A life is not a thick, black linear time line that etches itself bit by plodding bit across a personal landscape. Last week weaves itself into this one. The past holds the possibility of the present and memory remains fluid moving backward and forward …not a stationery entity that describes the past, but one that creates new realities whether we are ready for them or not. As time has moved on for me, and I am becoming old, time has become a presence without days. It has become less and less important to sort through events chronologically. What comes into the perceived march of days instead is a weaver’s hand …colors of a departure and events of a return …strands of my life throwing themselves through the warp of the loom without the narrow conception of the order of days …weft colors that show up here … fade to nothingness …only to resurface in another place. The shuttle works deftly …sometimes so quickly in the heat of gathering what might easily fall into disuse …sometimes slowly with care and thought. The shuttle never stops as I am stretched taut upon the loom until one day I will be all of one piece …a finished work of texture and color in all dimensions until another pattern using the strands of the last will come into its place for the next.

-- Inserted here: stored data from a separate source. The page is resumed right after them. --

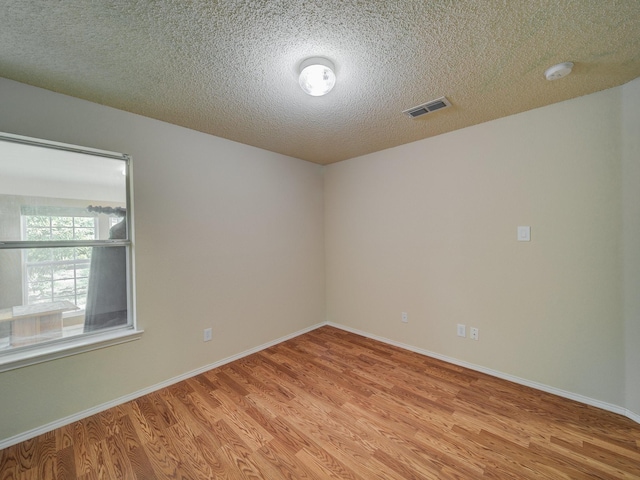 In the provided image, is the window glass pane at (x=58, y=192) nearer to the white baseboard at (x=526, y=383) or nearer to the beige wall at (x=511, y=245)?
the beige wall at (x=511, y=245)

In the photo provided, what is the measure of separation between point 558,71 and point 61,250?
12.1 ft

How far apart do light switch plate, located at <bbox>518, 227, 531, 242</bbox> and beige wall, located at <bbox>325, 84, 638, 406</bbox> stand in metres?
0.04

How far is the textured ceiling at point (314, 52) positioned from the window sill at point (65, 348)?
6.12 ft

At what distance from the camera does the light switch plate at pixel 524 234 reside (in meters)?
2.27

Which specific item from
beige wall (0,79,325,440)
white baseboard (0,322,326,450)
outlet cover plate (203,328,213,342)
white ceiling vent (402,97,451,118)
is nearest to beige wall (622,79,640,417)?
white ceiling vent (402,97,451,118)

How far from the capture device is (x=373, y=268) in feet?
11.2

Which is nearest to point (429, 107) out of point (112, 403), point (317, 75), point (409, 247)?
point (317, 75)

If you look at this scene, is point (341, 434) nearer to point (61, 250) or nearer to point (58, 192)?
point (61, 250)

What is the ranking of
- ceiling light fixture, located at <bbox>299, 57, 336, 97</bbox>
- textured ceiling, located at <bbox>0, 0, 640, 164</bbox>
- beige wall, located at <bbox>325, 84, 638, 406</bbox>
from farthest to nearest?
beige wall, located at <bbox>325, 84, 638, 406</bbox> < ceiling light fixture, located at <bbox>299, 57, 336, 97</bbox> < textured ceiling, located at <bbox>0, 0, 640, 164</bbox>

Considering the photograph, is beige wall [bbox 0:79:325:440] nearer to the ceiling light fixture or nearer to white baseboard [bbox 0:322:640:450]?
white baseboard [bbox 0:322:640:450]

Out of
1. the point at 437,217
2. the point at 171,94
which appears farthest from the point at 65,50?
the point at 437,217

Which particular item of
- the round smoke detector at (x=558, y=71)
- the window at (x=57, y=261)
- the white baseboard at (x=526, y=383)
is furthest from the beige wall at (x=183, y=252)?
the round smoke detector at (x=558, y=71)

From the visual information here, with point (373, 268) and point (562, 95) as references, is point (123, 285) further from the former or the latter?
point (562, 95)

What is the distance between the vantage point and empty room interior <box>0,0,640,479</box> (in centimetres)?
145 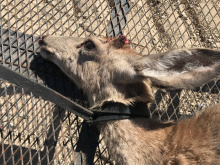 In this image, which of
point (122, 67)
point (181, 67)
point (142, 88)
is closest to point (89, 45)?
point (122, 67)

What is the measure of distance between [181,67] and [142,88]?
410 mm

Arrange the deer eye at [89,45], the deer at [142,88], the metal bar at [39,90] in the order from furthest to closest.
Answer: the deer eye at [89,45], the deer at [142,88], the metal bar at [39,90]

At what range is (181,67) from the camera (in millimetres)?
2318

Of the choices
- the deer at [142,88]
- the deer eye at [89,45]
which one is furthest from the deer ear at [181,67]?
the deer eye at [89,45]

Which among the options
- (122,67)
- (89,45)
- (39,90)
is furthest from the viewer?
(89,45)

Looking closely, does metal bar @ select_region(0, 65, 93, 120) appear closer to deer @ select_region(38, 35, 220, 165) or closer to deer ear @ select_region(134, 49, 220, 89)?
deer @ select_region(38, 35, 220, 165)

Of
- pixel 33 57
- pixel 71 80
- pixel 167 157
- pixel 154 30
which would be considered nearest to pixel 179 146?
pixel 167 157

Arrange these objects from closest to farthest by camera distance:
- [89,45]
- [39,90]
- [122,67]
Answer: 1. [39,90]
2. [122,67]
3. [89,45]

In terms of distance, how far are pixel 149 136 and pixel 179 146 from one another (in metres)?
0.26

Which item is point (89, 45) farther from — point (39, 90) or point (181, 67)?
point (181, 67)

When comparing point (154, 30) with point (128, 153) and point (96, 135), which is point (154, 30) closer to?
point (96, 135)

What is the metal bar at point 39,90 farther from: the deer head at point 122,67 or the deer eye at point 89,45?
the deer eye at point 89,45

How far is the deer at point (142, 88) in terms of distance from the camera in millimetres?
2281

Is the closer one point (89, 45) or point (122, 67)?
point (122, 67) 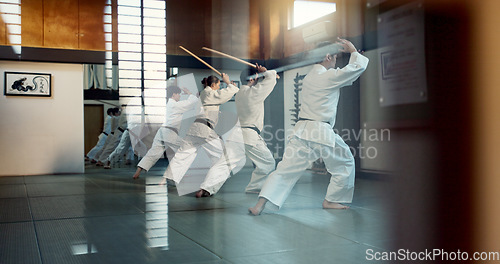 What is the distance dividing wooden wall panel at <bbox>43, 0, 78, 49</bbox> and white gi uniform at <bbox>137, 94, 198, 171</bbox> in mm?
1406

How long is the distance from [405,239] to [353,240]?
1.63 m

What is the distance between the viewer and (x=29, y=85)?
607 centimetres

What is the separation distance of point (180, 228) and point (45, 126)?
4579 millimetres

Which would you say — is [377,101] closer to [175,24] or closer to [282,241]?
[282,241]

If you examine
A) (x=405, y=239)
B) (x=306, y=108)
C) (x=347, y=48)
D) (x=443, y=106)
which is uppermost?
(x=347, y=48)

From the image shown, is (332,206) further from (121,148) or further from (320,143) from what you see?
(121,148)

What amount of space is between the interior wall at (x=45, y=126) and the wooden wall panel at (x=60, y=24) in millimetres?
492

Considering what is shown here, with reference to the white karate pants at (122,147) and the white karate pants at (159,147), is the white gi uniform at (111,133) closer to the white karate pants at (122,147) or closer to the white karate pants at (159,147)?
the white karate pants at (122,147)

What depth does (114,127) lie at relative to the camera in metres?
7.72

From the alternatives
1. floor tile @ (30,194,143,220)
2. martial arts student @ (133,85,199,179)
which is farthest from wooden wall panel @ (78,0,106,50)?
floor tile @ (30,194,143,220)

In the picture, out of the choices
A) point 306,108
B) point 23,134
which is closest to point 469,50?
point 306,108

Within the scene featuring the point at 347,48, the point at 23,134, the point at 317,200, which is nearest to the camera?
the point at 347,48

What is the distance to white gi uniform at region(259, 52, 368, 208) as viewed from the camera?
2.70 meters

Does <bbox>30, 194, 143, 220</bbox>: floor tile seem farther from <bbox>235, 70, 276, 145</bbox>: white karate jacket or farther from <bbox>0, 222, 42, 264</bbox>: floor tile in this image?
<bbox>235, 70, 276, 145</bbox>: white karate jacket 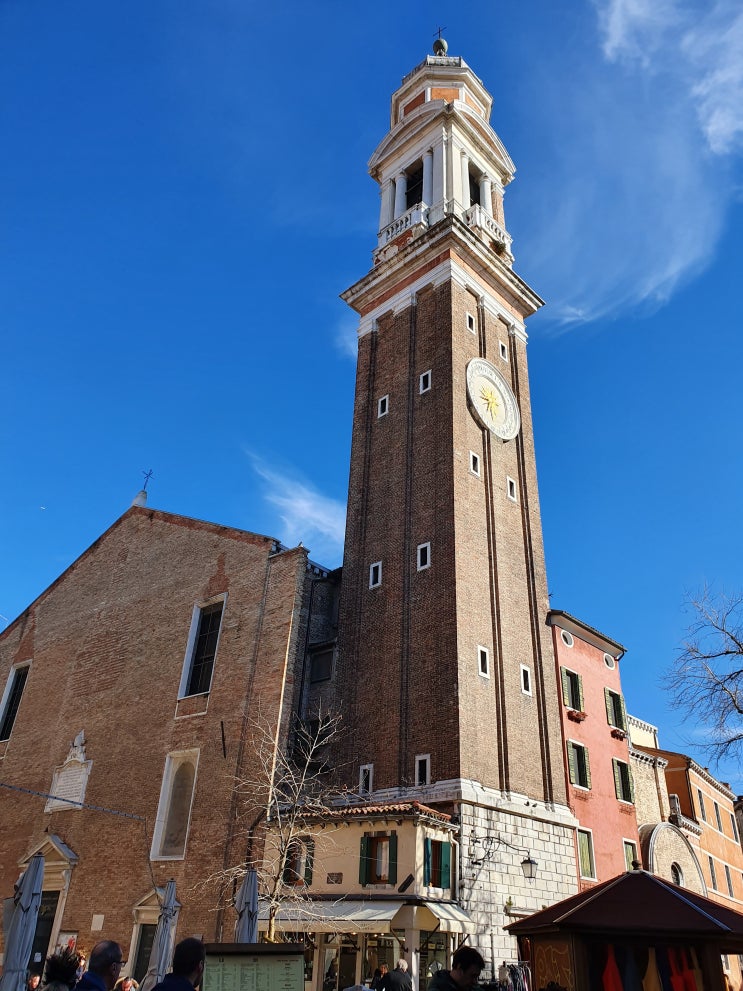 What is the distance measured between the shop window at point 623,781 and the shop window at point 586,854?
10.2ft

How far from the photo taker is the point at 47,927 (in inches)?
950

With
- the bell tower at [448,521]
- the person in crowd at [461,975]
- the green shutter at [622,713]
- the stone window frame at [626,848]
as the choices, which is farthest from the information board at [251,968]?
the green shutter at [622,713]

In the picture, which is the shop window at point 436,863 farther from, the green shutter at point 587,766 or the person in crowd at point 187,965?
the person in crowd at point 187,965

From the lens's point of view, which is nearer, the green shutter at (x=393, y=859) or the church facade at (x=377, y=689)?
the green shutter at (x=393, y=859)

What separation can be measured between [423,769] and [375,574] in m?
6.83

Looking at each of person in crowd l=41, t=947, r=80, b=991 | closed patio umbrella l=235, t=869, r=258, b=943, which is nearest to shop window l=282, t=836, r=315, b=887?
closed patio umbrella l=235, t=869, r=258, b=943

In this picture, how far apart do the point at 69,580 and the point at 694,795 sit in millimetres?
29609

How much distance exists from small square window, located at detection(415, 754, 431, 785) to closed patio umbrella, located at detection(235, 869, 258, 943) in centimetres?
619

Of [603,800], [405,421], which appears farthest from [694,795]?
[405,421]

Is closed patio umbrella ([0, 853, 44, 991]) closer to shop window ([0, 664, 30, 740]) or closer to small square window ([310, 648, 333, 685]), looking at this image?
small square window ([310, 648, 333, 685])

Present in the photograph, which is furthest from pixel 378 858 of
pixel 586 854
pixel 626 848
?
pixel 626 848

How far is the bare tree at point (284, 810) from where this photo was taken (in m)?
18.2

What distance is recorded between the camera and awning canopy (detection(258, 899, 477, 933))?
16562 millimetres

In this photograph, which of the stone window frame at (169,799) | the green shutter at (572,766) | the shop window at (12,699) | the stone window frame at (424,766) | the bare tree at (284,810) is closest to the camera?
the bare tree at (284,810) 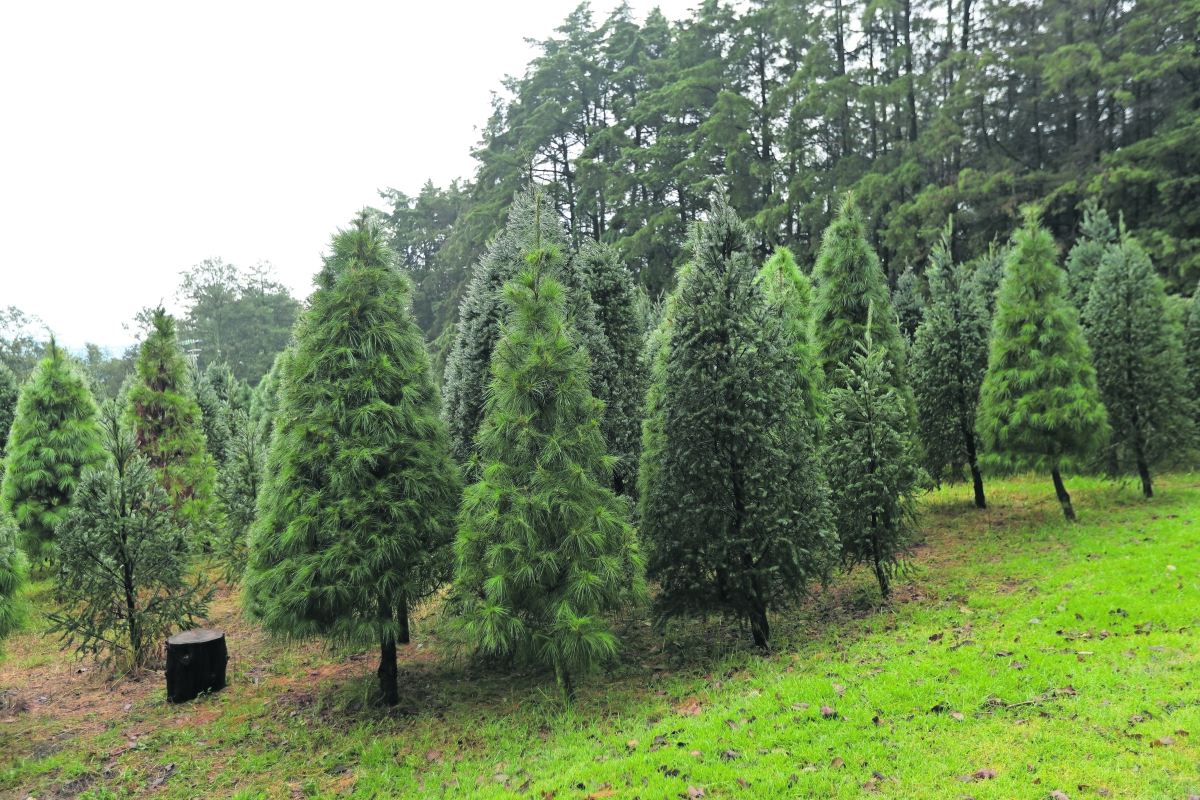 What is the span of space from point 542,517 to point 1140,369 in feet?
55.3

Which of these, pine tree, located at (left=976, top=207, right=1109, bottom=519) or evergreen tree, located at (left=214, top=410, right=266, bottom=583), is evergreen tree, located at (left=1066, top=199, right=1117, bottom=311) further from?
evergreen tree, located at (left=214, top=410, right=266, bottom=583)

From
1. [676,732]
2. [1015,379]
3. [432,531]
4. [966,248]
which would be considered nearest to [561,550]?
[432,531]

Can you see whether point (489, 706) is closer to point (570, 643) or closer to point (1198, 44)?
point (570, 643)

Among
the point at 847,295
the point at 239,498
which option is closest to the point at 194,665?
the point at 239,498

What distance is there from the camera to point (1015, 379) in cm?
1521

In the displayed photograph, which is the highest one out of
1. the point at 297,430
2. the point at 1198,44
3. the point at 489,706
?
the point at 1198,44

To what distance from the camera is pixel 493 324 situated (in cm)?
1200

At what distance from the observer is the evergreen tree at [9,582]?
8.43 m

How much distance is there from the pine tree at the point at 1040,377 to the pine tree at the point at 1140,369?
2.62 m

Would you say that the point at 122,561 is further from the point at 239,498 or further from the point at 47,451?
the point at 47,451

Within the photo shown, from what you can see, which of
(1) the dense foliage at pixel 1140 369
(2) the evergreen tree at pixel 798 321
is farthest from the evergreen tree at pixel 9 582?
(1) the dense foliage at pixel 1140 369

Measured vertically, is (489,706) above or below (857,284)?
below

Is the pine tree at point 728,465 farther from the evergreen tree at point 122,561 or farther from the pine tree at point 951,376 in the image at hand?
the pine tree at point 951,376

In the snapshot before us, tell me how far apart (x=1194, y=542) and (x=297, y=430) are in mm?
16164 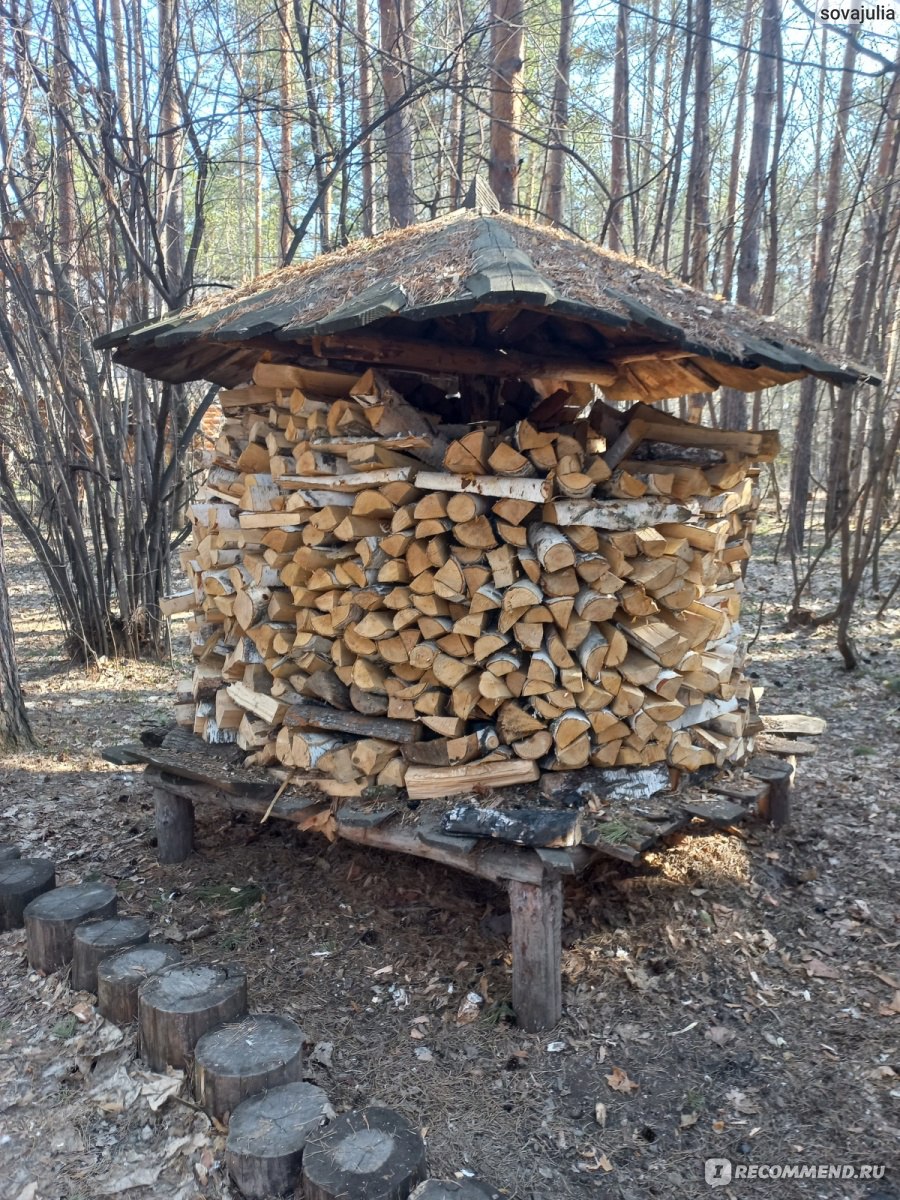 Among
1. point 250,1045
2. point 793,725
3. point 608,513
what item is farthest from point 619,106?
point 250,1045

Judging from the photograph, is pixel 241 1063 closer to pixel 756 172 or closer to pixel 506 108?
pixel 506 108

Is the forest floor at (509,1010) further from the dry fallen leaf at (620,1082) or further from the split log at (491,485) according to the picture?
the split log at (491,485)

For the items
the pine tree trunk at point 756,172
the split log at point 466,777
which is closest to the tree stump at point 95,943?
the split log at point 466,777

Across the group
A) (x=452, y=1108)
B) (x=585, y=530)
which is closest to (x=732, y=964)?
(x=452, y=1108)

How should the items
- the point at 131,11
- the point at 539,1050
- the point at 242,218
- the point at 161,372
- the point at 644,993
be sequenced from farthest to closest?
the point at 242,218 < the point at 131,11 < the point at 161,372 < the point at 644,993 < the point at 539,1050

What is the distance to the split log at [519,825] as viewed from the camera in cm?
275

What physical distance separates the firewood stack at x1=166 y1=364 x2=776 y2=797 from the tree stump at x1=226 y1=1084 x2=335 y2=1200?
1147 millimetres

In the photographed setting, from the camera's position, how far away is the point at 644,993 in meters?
3.03

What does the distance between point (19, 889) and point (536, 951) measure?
2118mm

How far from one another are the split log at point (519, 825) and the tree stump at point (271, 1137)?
0.92m

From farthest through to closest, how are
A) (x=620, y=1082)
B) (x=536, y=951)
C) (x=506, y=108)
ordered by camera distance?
(x=506, y=108) < (x=536, y=951) < (x=620, y=1082)

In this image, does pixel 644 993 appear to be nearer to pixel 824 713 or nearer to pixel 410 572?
pixel 410 572

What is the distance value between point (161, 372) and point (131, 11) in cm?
389

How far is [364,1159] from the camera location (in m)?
2.03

My journey with aloneness began in middle age. Early on I asked myself a lot of questions about the march of time. What would become of me in death? Would there be a funera l…would anyone cry over my ashes? Would anyone remember me? Time alone in a middle space where one day flowed without chaos into the next brought me to an empty clearing without questions that would change nothing. I will live. I will die. There is nothing beyond that fact that troubles me …not the absence of a pot of flowers on a grave …not words said about me after my death. I have grieved so hard and long for losses through what I understand in this reality as eternal death and worldly separation that I am relieved that no one will go through that for me. I have accepted that I am subject to a natural process congruent with all living things and will die perhaps unheard, perhaps unseen. Each day I am open a little more to growing beyond the force of my own drives even though this relinquishment is one of the most difficult I am making …just to allow life as it is to take me in and on.

My mother once told me a story. A four-year-old was sitting on her lap. The little girl turned to her and touched her hair, “Miss Louise, why is your hair white?” My mother replied, “Because, dear, I am old.” The little girl thought for a moment and then asked, “Miss Louise, how do you get old?” How do we get old indeed?

All we know of time is that time passes. What do we know of what carries us along into life? All we can know is that life is good. The flowering quince outside the kitchen window is blooming in the sun in what we have been taught is morning. What else is there to know about time?